There is nothing within them that does not play an active role: as befits products designed to serve the modern professional, they are specially formulated, based on the latest nutritional scientific knowledge, to ensure that they contain the correct ingredients to rapidly deliver a burst of energy or, in the recovery products, what's needed to promote muscle repair and boost the immune system.

They are as far from a piece of cake or an apple as you are ever likely to get, while the emphasis on post-exercise recovery is a whole new arena in itself.

"In the early days, we didn't know anything about that kind of stuff," says Chechu, who uses gels while racing but sticks to bars while training and supplements his diet with amino acids after exercise.

"We have come to learn that recovery is very important during stage races, and if I have done some hard training I will take recovery products afterwards too."

Chechu's ability to recover properly will come to the fore in September when he takes part in the highlight of his 2010 season - the Vuelta a Espana.

"I won't be in the Tour de France team, so that it is the one I am most looking forward to," he says. "I am looking forward to riding up in the north of Spain, in the Basque Country, Galicia and in two stages in Asturias, which is my home region."

It is when he is back in Asturias, - or in his home town of Muñó-Siero to be precise, that Chechu indulged himself in his favourite comfort food - fabada, a local stew containing large white beans, shoulder of pork or bacon, black pudding and spicy chorizo sausage.

"It is heavy, strong food," says Chechu, "and typical of my region. People used to eat it before working hard and many times when I go home to my parents' home I will have some.

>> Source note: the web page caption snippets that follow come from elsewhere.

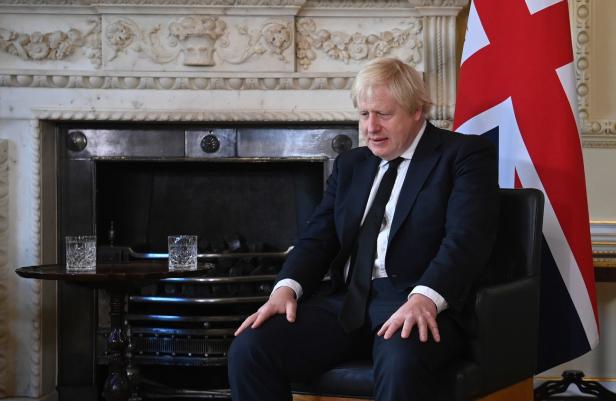 Chaos, Filz und lästernde Tories: Katerstimmung bei Boris Johnson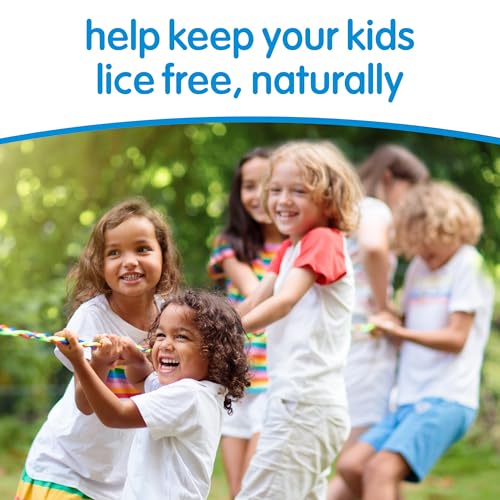 Kids Lice Scaring Shampoo - Tea Tree Rosemary Peppermint, 10.5 fl oz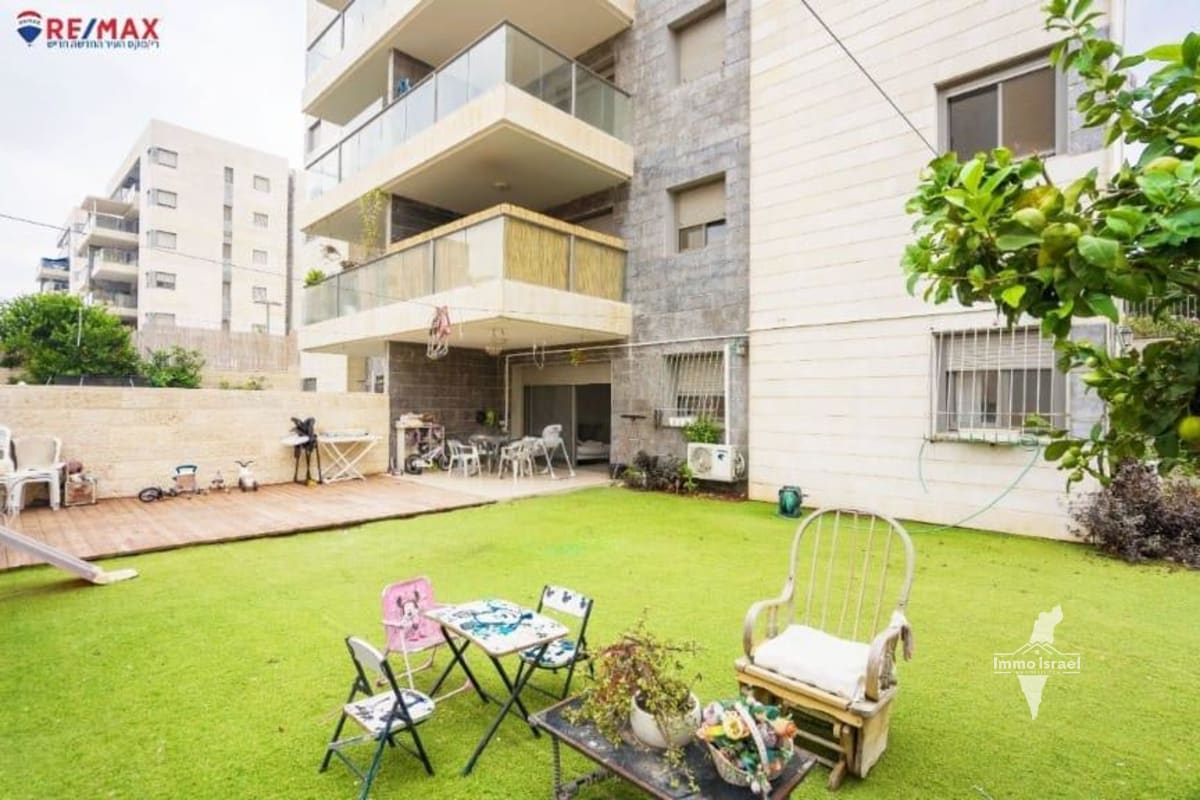 For Sale: 4-Room Apartment on Gefen Street 58, Harish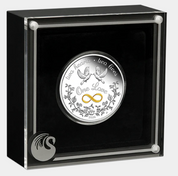 One Love 2026 1oz Silver Proof Coin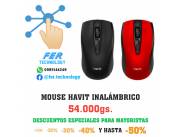 MOUSE INALAMBRICO HAVIT Y SATE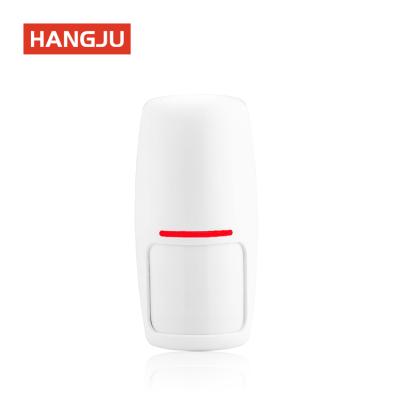 China PIR RF433 Smart PIR Infrared Motion Detector Sensor Compatible with Tuya H1 APP Alarm Siren for sale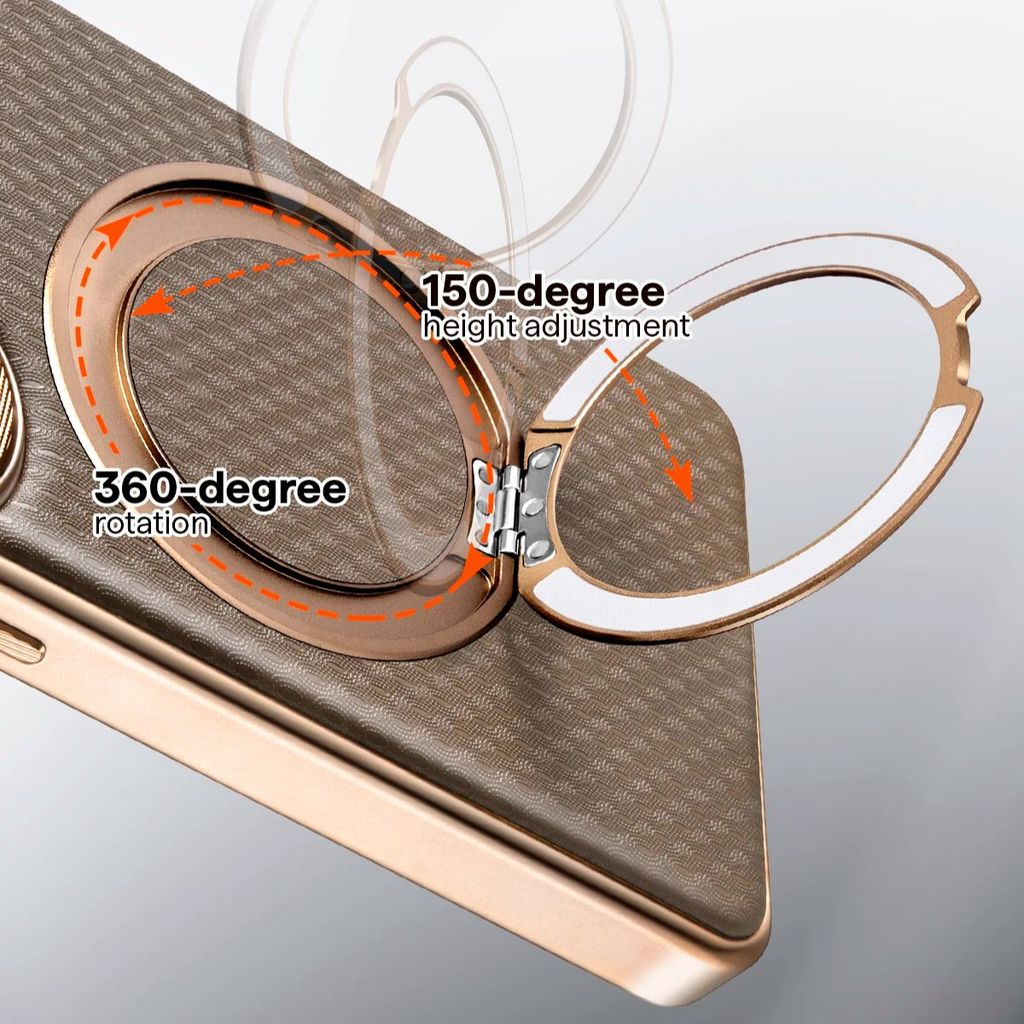 Ốp lưng xoay da cao cấp cho Samsung Galaxy S26 Ultra S25 S24 + Plus Vỏ từ tính chất lượng cao Đóng cửa doanh nghiệp Nobel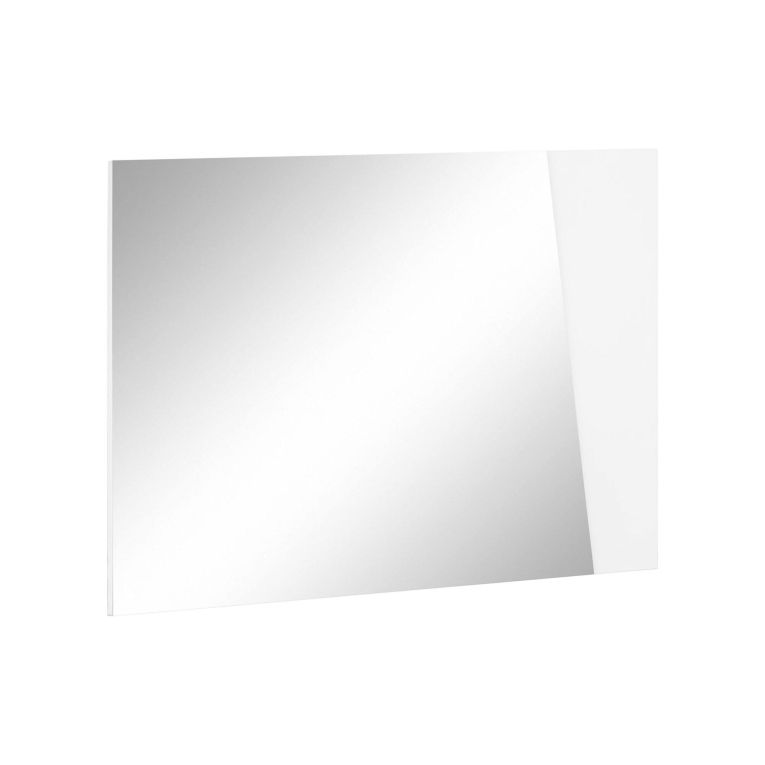 Specchio bianco lucido 80x60h cm - Deanna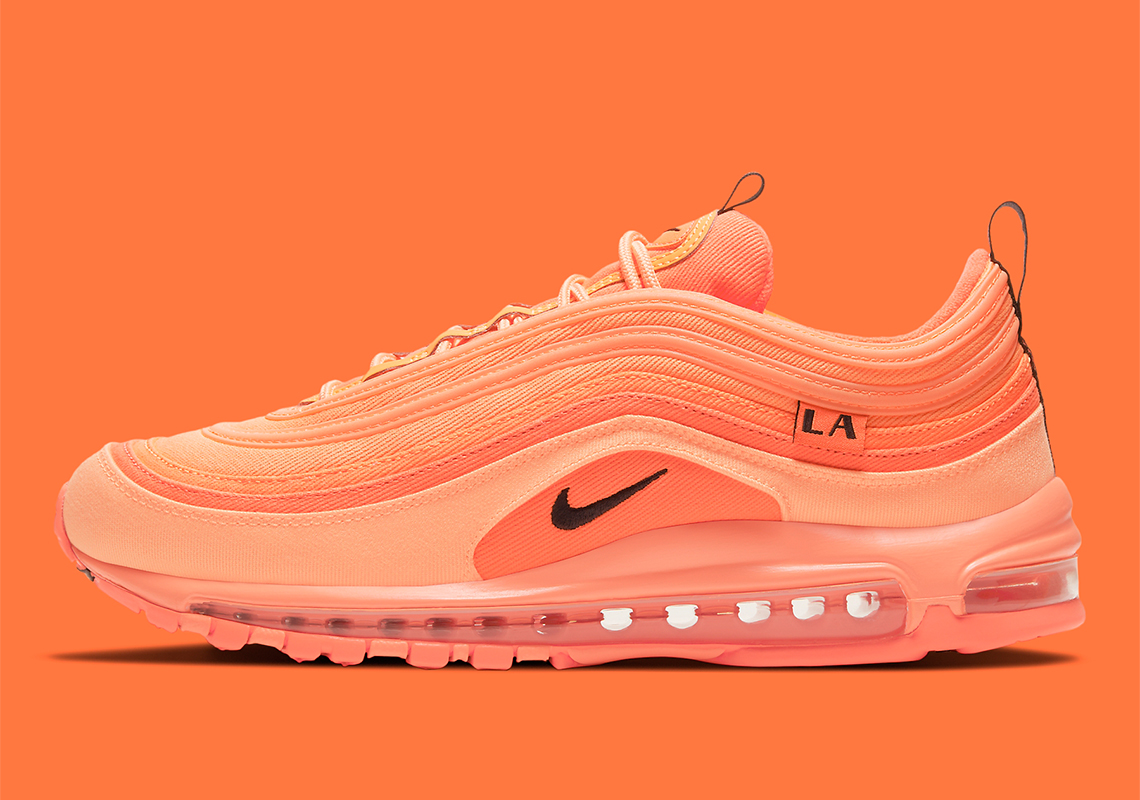 Nike's "City Special" Capsule Continues With This Orange Air Max 97 For LA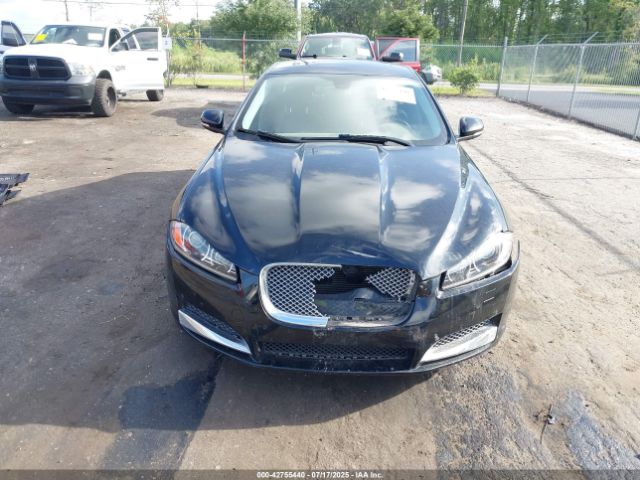 2013 JAGUAR XF SAJWA0E73D8S91745 Photo 5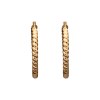 Ribbed Hoops 2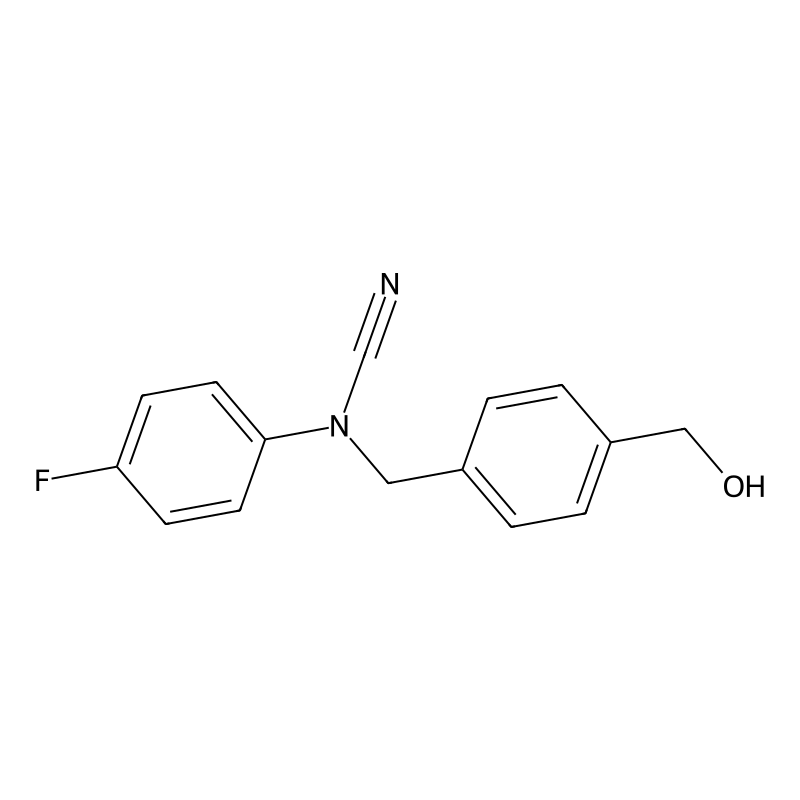 (4-Fluorophenyl)-[[4-(hydroxymethyl)phenyl]methyl]...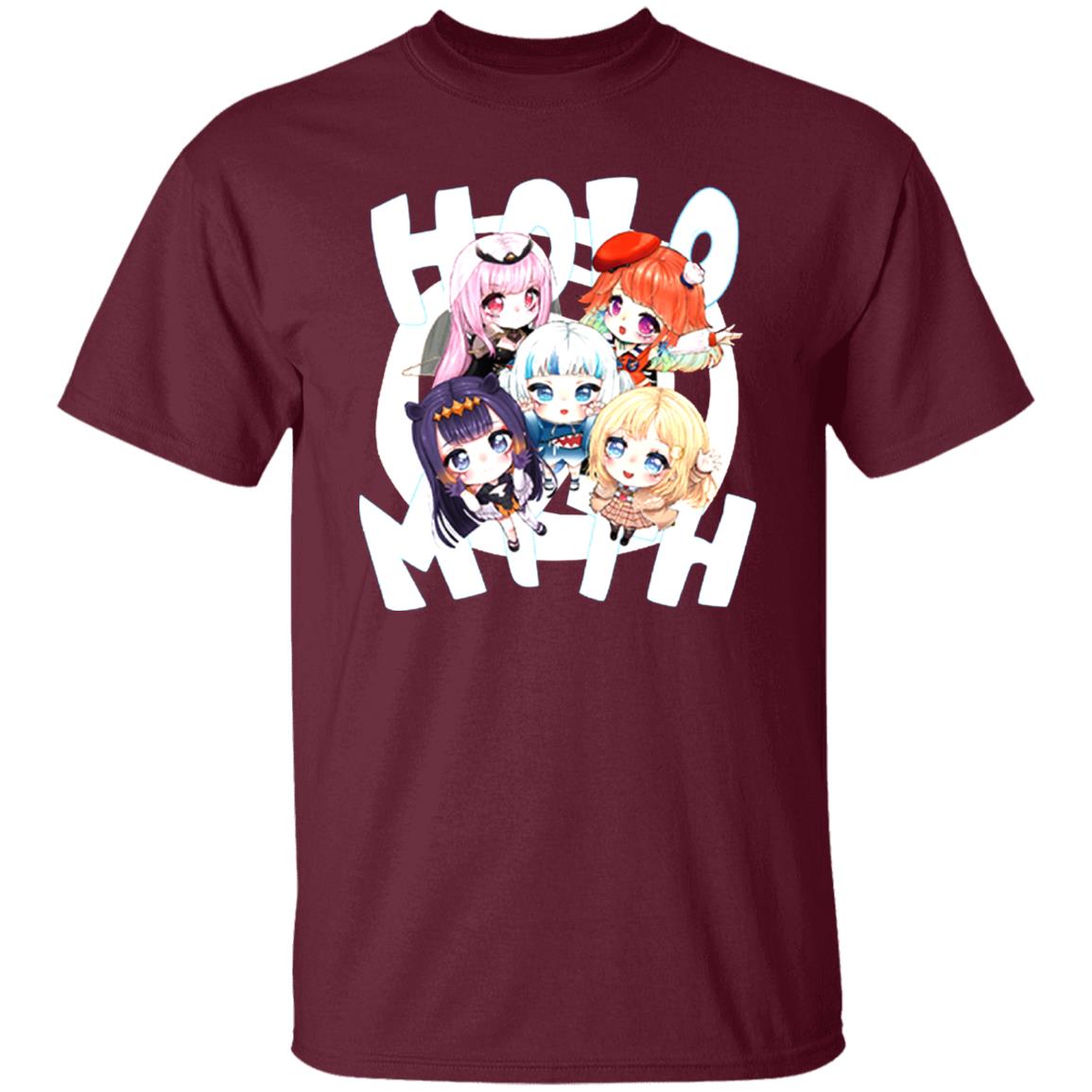 Hololive En Merch Origins T Shirt Hoodie Sweatshirt - Teechipus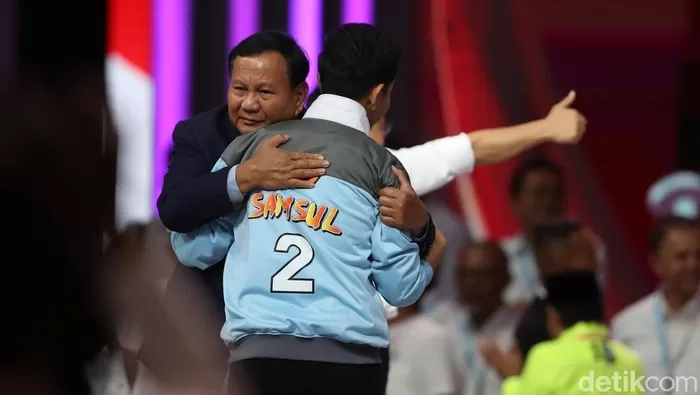 Prabowo Subianto dan Gibran Rakabuming Raka. Foto: Detik.com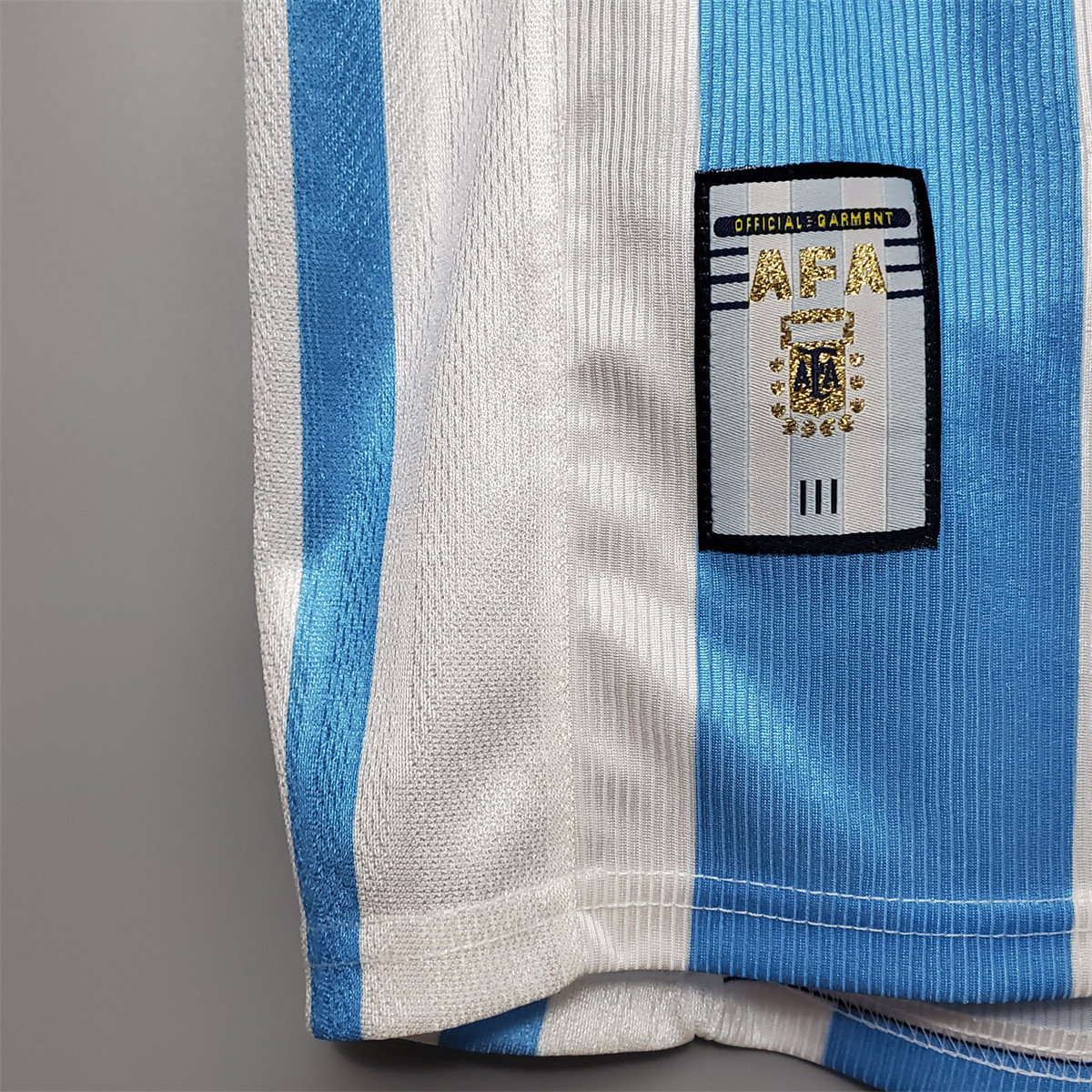 Retro Argentina 1998 Home jersey Fan Version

"But only once in a while, once a month maybe. I do believe that even during a season you need some food that you crave. It is good for the head, because if you are always thinking about food and you can't have it, that's worse than trying a little bit of it."

In fact, Chechu advises that athletes should never be shy of eating - as long as it is the right food - when they've got a training regime to fuel.

"People shouldn't get too stressed about food," says Chechu. "Even if they're exercising to lose weight it is important to have good meals every day, and they need to eat every kind of food such as meat, fish, pasta, rice and fruit.

"Just stopping eating while carrying on training won't work. Instead, they should always eat well, but should train harder and longer as well."